The .308 Norma Magnum (7.62x65mmBR) cartridge was created by Nils Kvale at Norma, Sweden. Like the larger .358 Norma Magnum it is based on the .300 H&H Magnum.[1] The length of the case is the longest that would fit in a standard Mauser action. While it appeared to have a bright future initially, it was soon superseded in popularity by the .300 Winchester Magnum. The first, and one of the few, manufacturers to offer rifles in .308 Norma Magnum was Schultz & Larsen of Denmark and they still are.

In the late 1940s Kvale designed a wildcat called 8mm Kvale. It was intended for use in the German surplus 8mm Mauser M98 that flooded the American market after the war and was therefore nicknamed 'Poor Man's Magnum'. Kvale used the case from the .300 H&H Magnum and reduced the rim diameter so it would fit the bolt of a Mauser M98. The lessons learned from this cartridge were put into the .308 and .358 Norma Magnum.

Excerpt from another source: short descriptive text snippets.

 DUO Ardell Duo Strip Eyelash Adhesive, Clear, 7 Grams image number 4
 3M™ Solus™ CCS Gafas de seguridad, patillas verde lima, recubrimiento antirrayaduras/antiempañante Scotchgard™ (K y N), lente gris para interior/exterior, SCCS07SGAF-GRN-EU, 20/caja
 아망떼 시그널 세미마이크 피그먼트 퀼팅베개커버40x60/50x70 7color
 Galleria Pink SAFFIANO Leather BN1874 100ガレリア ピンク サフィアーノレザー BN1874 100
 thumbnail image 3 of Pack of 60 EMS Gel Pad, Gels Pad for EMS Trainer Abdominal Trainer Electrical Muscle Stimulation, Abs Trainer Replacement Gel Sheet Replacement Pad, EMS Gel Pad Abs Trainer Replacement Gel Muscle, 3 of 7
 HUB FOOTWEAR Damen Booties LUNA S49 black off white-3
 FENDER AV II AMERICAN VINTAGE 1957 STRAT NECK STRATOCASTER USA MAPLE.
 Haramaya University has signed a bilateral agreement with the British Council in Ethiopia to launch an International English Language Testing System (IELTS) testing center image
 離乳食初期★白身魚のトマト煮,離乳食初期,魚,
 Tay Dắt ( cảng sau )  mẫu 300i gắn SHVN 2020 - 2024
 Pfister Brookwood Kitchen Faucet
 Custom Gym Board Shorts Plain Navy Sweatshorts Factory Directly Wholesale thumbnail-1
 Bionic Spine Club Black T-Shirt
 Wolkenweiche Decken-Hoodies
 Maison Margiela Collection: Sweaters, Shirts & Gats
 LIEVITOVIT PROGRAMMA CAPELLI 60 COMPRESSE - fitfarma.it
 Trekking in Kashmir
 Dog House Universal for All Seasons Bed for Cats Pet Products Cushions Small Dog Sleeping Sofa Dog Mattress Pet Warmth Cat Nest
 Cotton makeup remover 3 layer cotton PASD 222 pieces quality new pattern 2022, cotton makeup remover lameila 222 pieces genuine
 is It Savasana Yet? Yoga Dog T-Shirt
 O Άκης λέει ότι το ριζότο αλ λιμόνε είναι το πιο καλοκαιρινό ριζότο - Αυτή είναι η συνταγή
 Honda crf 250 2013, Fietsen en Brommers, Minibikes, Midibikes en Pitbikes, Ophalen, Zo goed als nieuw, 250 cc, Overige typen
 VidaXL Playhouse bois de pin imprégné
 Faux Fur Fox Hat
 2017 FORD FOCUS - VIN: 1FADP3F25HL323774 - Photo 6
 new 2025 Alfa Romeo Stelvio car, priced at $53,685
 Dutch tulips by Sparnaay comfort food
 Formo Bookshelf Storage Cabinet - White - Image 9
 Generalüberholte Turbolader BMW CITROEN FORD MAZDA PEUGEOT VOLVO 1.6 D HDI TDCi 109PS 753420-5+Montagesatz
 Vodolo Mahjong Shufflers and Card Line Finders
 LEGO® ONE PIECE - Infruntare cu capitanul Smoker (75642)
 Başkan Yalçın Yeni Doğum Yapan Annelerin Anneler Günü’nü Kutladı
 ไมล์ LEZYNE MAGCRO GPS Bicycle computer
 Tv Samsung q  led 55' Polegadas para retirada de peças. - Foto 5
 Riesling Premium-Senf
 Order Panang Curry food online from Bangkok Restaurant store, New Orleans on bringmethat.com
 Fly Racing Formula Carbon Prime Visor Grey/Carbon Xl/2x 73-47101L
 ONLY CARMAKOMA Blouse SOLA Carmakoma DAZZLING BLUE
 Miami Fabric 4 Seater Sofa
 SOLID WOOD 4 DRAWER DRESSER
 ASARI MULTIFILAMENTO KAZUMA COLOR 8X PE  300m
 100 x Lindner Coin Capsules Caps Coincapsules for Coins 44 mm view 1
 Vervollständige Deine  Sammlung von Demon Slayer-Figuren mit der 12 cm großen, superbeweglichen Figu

Cases for the cartridge can be purchased from Norma or made in three ways: Necking up a 7 mm Remington Magnum case, necking down a .338 Winchester Magnum case, or running .300 Winchester Magnum cases through a full-length sizing die. Since the first two options leave the brass a bit short, the third is generally considered to be the best option. Ammunition for this caliber is not cheap (typically US$50–60 for 20 cartridges) and as such it is mainly of interest only to handloaders who own a rifle chambered in this caliber. The cartridge makes use of a belted case for headspacing.

Notes[edit]

  1. ^ Kvale, Nils; Kulor, krut och älgar. Norma, Åmotfors, 1963.